Change is permeating throughout the manufacturing industry at a breakneck speed. In the wake of this disruption, it’s no longer about just getting by and keeping your head above the water. Manufacturers that survive and thrive are those that are the fastest, fittest, most agile and most flexible.
It’s those that can recognize the subtle shifts in the direction the market is moving and make the necessary changes to their operations in order to align with these changes. The following are some of the key trends that will define manufacturing between 2018 and 2020.
1. Improvements in Manufacturing Software Usability
For too long, developers of manufacturing software have focused on functionality. While this is after all the core purpose of the software, there’s a growing realization among developers that just because the application works as required does not mean it’s usable.
There’s increasing focus on user interface design in recognition that the end user experience plays a part in determining what software a manufacturer will eventually settle for. A bland, difficult-to-navigate interface will no longer be the norm.
2. Demand for Data Analysts
As the world moves into the Internet of Things where billions of smart devices at home and in the workplace can capture, share and relay information, the volume of data that manufacturers depend on to make key decisions will only continue to grow. Such vast data can no longer be extracted, analyzed and interpreted using simple tools and techniques.
Manufacturers are thus looking at hiring data scientists who have a working knowledge of the manufacturing industry. Businesses that can quickly break down and understand the data from factory equipment and end products will have an edge.
3. Rise in Robotics
Robots aren’t really new in the manufacturing industry. They’ve been in use in various industries for decades now. The next few years will however only see them gain greater prominence on factory floors.
An ever higher number of manufacturers will assign a larger share of their manual, repetitive tasks to robots and focus production and engineering employees on more cognitive, unpredictable roles. Robots will help reduce errors, slash production costs and streamline the manufacturing process.
4. Faster Prototyping
One of the biggest worries every business faces when developing a new product is the possibility of rejection by consumers. After spending time, money and manhours building what looks like an excellent product, it can all go up in smoke if the target market doesn’t recognize its value.
Prototyping has always been a great way to get a real feel of the market before going full throttle into production. Expect 3D printing, cnc machine programming and other technologies to revolutionize how fast manufacturers build prototypes.
5. Smart Factories
Smart factories will win more converts in the coming years driven by the need to improve process and product quality while raising compliance with relevant laws and regulations.
The average factory comprises multiple moving parts and intertwined processes. The failure of a single process can have a debilitating impact on the bottom line. Smart factories leverage data to ensure better efficiency and risk management while reducing downtime.
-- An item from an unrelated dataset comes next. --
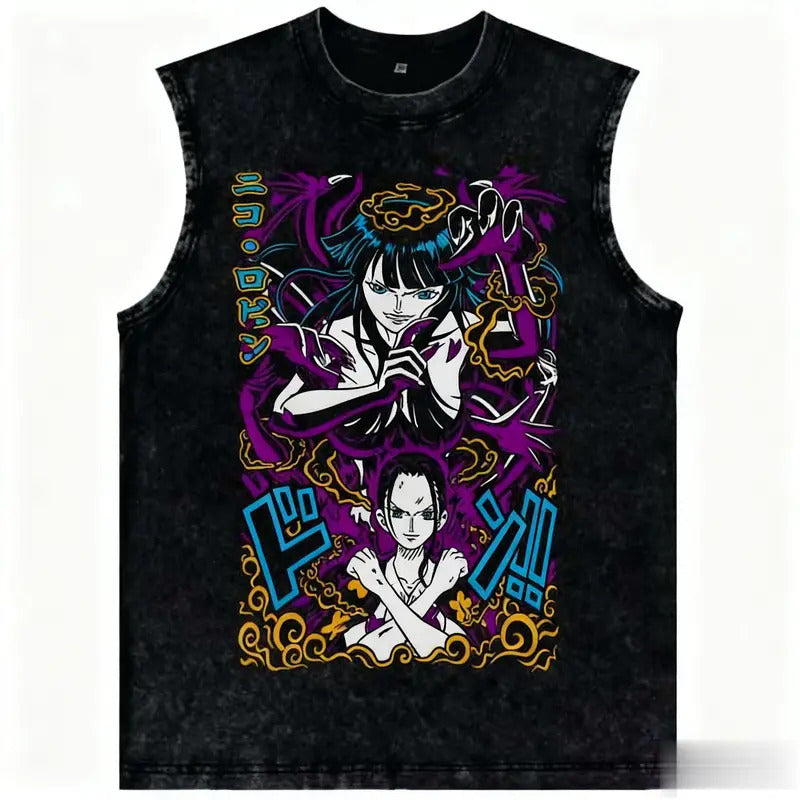 One Piece Anime Tank Top Women Nami Wash Sle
6. Focus on Global Supply Chain Risk
Gone are the days when manufacturing was a one-facility operation. In that era, all the raw materials for the product would be shipped to one location. All processes took place under one roof. Manufacturing is a lot more complicated nowadays with dependencies that span continents.
Not only are many raw materials sourced from a different country but some components of the final product are made elsewhere. A good example is automobile manufacturing. Businesses will do more to mitigate global supply chain risk by creating robust fallback plans in the event of disruption due to wars, political tensions, labor disputes, trade disputes and natural disasters.
7. Direct-to-Consumer Sales
Traditionally, most manufacturers had little to no direct interaction with the consumers of their products. That has been changing and will continue to do so. A key driver of this trend has been the internet and especially social media.
Think about any major manufacturer in the world and you’ll find they have an active social media page with thousands or millions of followers. They now communicate with customers directly and can quickly respond to emerging problems. The next natural step from this interaction will be even higher direct-to-consumer sales.
The top trends driving manufacturing are only going to accelerate through 2020 as customers, shareholders, business leaders and suppliers force greater scale, speed and agility into all aspects of the product’s lifecycle.